- _What to produce_
Each entry below is to be copied verbatim, with no line missing.

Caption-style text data
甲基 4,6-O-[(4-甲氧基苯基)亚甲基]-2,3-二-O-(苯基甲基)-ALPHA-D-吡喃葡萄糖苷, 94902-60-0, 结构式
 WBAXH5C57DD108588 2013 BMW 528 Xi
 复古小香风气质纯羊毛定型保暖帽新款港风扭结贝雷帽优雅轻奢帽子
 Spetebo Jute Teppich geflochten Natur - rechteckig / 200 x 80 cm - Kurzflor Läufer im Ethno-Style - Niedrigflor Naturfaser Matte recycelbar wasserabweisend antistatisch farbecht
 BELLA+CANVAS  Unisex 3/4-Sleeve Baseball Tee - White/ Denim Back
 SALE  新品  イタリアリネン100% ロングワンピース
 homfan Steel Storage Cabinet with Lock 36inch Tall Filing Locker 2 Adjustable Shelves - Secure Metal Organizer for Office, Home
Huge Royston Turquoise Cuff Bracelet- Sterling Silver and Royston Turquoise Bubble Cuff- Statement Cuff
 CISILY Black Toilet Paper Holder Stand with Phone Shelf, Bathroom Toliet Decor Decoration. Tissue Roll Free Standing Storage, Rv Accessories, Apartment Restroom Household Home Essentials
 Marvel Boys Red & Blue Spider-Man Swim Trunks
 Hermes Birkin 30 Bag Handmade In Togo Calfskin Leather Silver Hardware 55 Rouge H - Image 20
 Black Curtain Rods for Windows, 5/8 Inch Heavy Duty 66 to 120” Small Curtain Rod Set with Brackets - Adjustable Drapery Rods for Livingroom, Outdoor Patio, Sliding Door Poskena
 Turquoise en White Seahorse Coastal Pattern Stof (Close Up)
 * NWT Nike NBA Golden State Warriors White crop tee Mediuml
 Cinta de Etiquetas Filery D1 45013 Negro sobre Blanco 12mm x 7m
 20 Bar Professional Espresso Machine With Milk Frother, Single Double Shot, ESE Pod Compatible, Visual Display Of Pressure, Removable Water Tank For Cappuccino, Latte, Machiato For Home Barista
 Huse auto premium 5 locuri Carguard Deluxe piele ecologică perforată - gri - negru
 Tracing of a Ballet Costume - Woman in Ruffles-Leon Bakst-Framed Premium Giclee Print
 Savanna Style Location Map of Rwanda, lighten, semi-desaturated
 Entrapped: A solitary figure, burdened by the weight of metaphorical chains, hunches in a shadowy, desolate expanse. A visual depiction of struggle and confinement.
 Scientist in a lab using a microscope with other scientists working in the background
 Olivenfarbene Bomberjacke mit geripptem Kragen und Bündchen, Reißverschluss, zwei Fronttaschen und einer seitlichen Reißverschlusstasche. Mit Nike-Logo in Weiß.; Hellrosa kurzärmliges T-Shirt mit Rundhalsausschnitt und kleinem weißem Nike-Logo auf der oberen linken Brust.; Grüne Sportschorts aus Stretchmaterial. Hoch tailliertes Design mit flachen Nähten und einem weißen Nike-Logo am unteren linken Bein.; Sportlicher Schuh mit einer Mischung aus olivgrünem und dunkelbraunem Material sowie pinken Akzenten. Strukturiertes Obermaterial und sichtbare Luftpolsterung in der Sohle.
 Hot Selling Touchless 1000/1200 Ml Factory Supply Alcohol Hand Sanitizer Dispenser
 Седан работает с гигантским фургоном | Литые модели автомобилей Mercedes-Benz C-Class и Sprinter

- _Task result_
甲基 4,6-O-[(4-甲氧基苯基)亚甲基]-2,3-二-O-(苯基甲基)-ALPHA-D-吡喃葡萄糖苷, 94902-60-0, 结构式
 WBAXH5C57DD108588 2013 BMW 528 Xi
 复古小香风气质纯羊毛定型保暖帽新款港风扭结贝雷帽优雅轻奢帽子
 Spetebo Jute Teppich geflochten Natur - rechteckig / 200 x 80 cm - Kurzflor Läufer im Ethno-Style - Niedrigflor Naturfaser Matte recycelbar wasserabweisend antistatisch farbecht
 BELLA+CANVAS  Unisex 3/4-Sleeve Baseball Tee - White/ Denim Back
 SALE  新品  イタリアリネン100% ロングワンピース
 homfan Steel Storage Cabinet with Lock 36inch Tall Filing Locker 2 Adjustable Shelves - Secure Metal Organizer for Office, Home
Huge Royston Turquoise Cuff Bracelet- Sterling Silver and Royston Turquoise Bubble Cuff- Statement Cuff
 CISILY Black Toilet Paper Holder Stand with Phone Shelf, Bathroom Toliet Decor Decoration. Tissue Roll Free Standing Storage, Rv Accessories, Apartment Restroom Household Home Essentials
 Marvel Boys Red & Blue Spider-Man Swim Trunks
 Hermes Birkin 30 Bag Handmade In Togo Calfskin Leather Silver Hardware 55 Rouge H - Image 20
 Black Curtain Rods for Windows, 5/8 Inch Heavy Duty 66 to 120” Small Curtain Rod Set with Brackets - Adjustable Drapery Rods for Livingroom, Outdoor Patio, Sliding Door Poskena
 Turquoise en White Seahorse Coastal Pattern Stof (Close Up)
 * NWT Nike NBA Golden State Warriors White crop tee Mediuml
 Cinta de Etiquetas Filery D1 45013 Negro sobre Blanco 12mm x 7m
 20 Bar Professional Espresso Machine With Milk Frother, Single Double Shot, ESE Pod Compatible, Visual Display Of Pressure, Removable Water Tank For Cappuccino, Latte, Machiato For Home Barista
 Huse auto premium 5 locuri Carguard Deluxe piele ecologică perforată - gri - negru
 Tracing of a Ballet Costume - Woman in Ruffles-Leon Bakst-Framed Premium Giclee Print
 Savanna Style Location Map of Rwanda, lighten, semi-desaturated
 Entrapped: A solitary figure, burdened by the weight of metaphorical chains, hunches in a shadowy, desolate expanse. A visual depiction of struggle and confinement.
 Scientist in a lab using a microscope with other scientists working in the background
 Olivenfarbene Bomberjacke mit geripptem Kragen und Bündchen, Reißverschluss, zwei Fronttaschen und einer seitlichen Reißverschlusstasche. Mit Nike-Logo in Weiß.; Hellrosa kurzärmliges T-Shirt mit Rundhalsausschnitt und kleinem weißem Nike-Logo auf der oberen linken Brust.; Grüne Sportschorts aus Stretchmaterial. Hoch tailliertes Design mit flachen Nähten und einem weißen Nike-Logo am unteren linken Bein.; Sportlicher Schuh mit einer Mischung aus olivgrünem und dunkelbraunem Material sowie pinken Akzenten. Strukturiertes Obermaterial und sichtbare Luftpolsterung in der Sohle.
 Hot Selling Touchless 1000/1200 Ml Factory Supply Alcohol Hand Sanitizer Dispenser
 Седан работает с гигантским фургоном | Литые модели автомобилей Mercedes-Benz C-Class и Sprinter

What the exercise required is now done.